What is often overlooked is why she was there in the first place: business. Desmond was en route to sell her line of beauty products to clients. Her fight for dignity was not only about her rights as a citizen, but also about her role as a professional woman travelling to grow her company. The two legacies — beauty and justice — were inseparably woven.
Legacy on two fronts
Sadly, Desmond never lived to see the full recognition of her bravery. After the trial and unsuccessful encounter with the legal system of Nova Scotia, her marriage ended. Desmond closed both of her businesses and moved to Montreal, where she enrolled in a business college before eventually settling in New York City. She died from gastrointestinal bleeding on February 7, 1965, at the age of 50, long before Canada’s official apologies and posthumous pardon. But her impact reverberates.
In 2010, the Government of Nova Scotia issued an official apology to Desmond and a pardon for her November 8, 1946, conviction. Two years later, Canada Post issued a commemorative stamp featuring Desmond as part of its series celebrating significant figures in Canadian history. On December 8, 2016, Desmond was selected to appear on the Canadian $10 bill, becoming the first Canadian-born woman and the first Black Canadian to appear on a regularly circulating Canadian banknote. The $10 bill, which was finally unveiled on November 26, 2018, features Desmond’s portrait on the obverse, with a map of Halifax’s historic North End and the Canadian Museum for Human Rights on the reverse. Desmond’s portrait can now be spotted in wallets across the country.

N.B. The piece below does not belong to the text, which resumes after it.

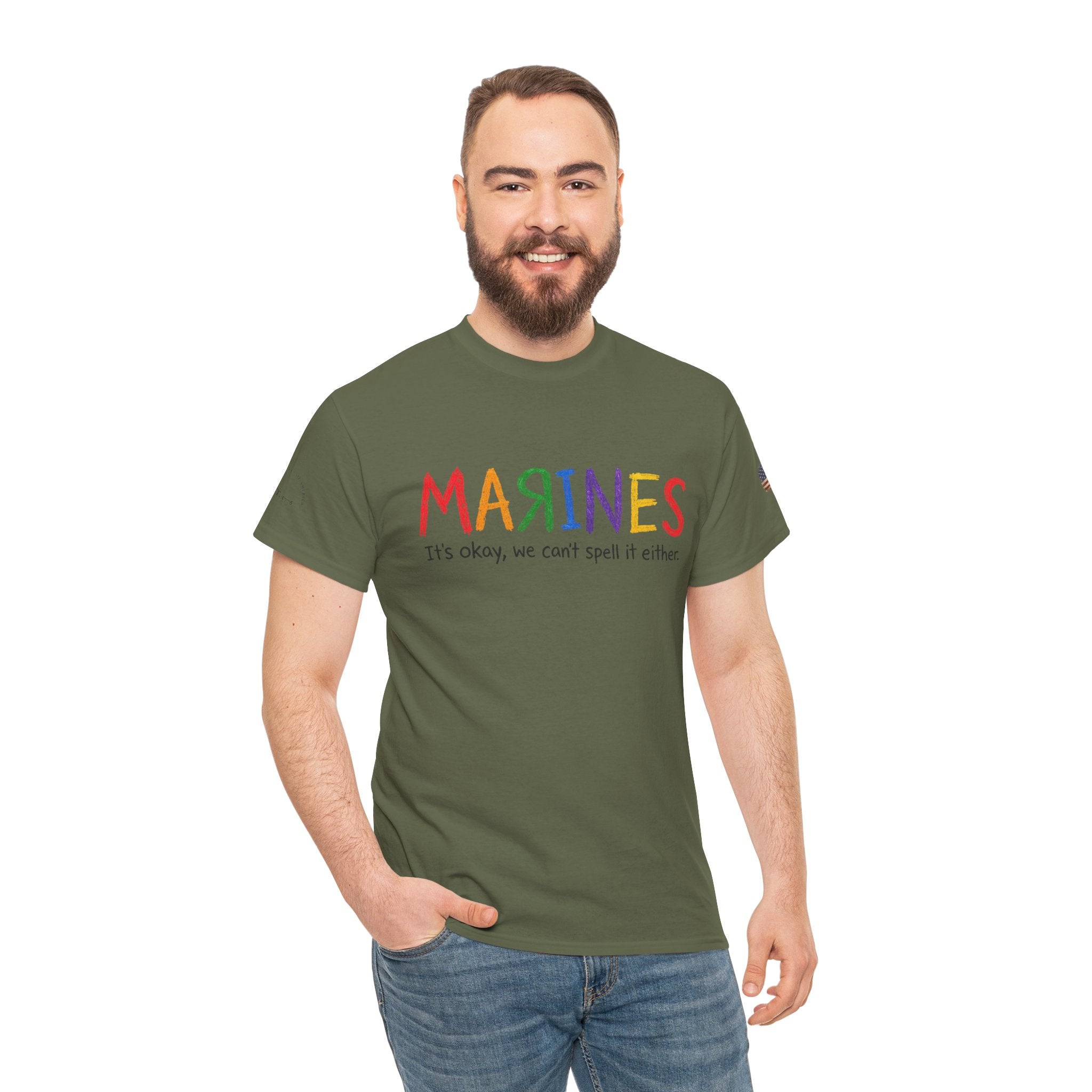 Marines Crayon Tee — “It’s okay, we can’t spell it either” Military Humor T-Shirt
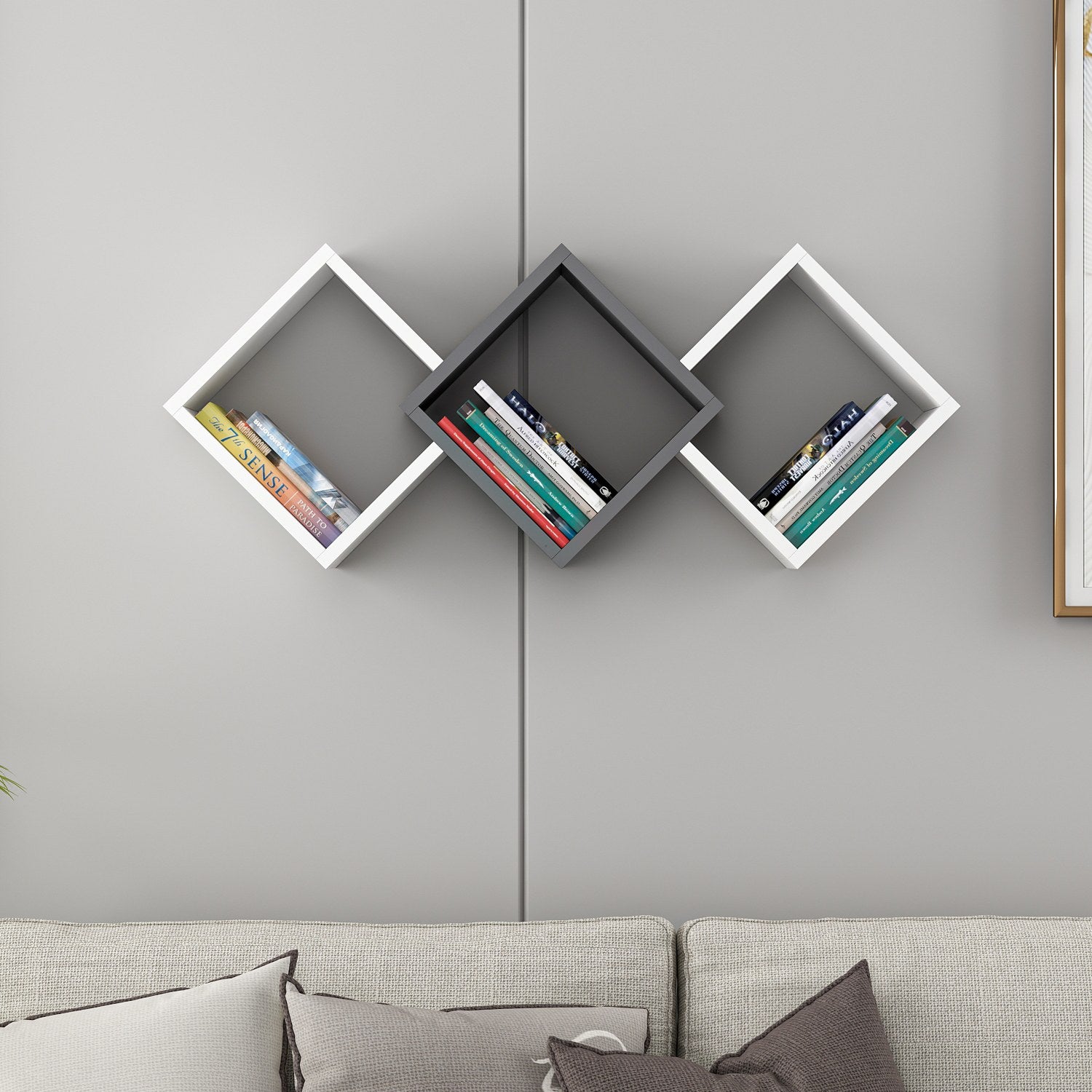 Prateleira de parede – 102cm x 42cm x 20cm – Branco e Antracite – Painéis de partículas revestidos a melamina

Today, walking through Halifax, one can find echoes of Desmond’s presence: heritage plaques at the site of her former school and outside of the former Roseland Theatre in New Glasgow where she was arrested in 1946, a scholarship in her name, the ongoing storytelling by her surviving family members and community. But perhaps her truest legacy is less tangible — the countless Black women who walk into salons, drugstores and beauty schools and see themselves reflected.
In that sense, Desmond’s legacy is not frozen in 1946 nor captured solely in purple ink on a Canadian banknote. It lives in the confidence of every single Canadian woman who chooses to define her beauty on her own terms.
Beyond currency and courtrooms, her legacy lives in beauty culture itself thanks, in part, to Desmond’s insistence that Black women deserved beauty products, training and respect.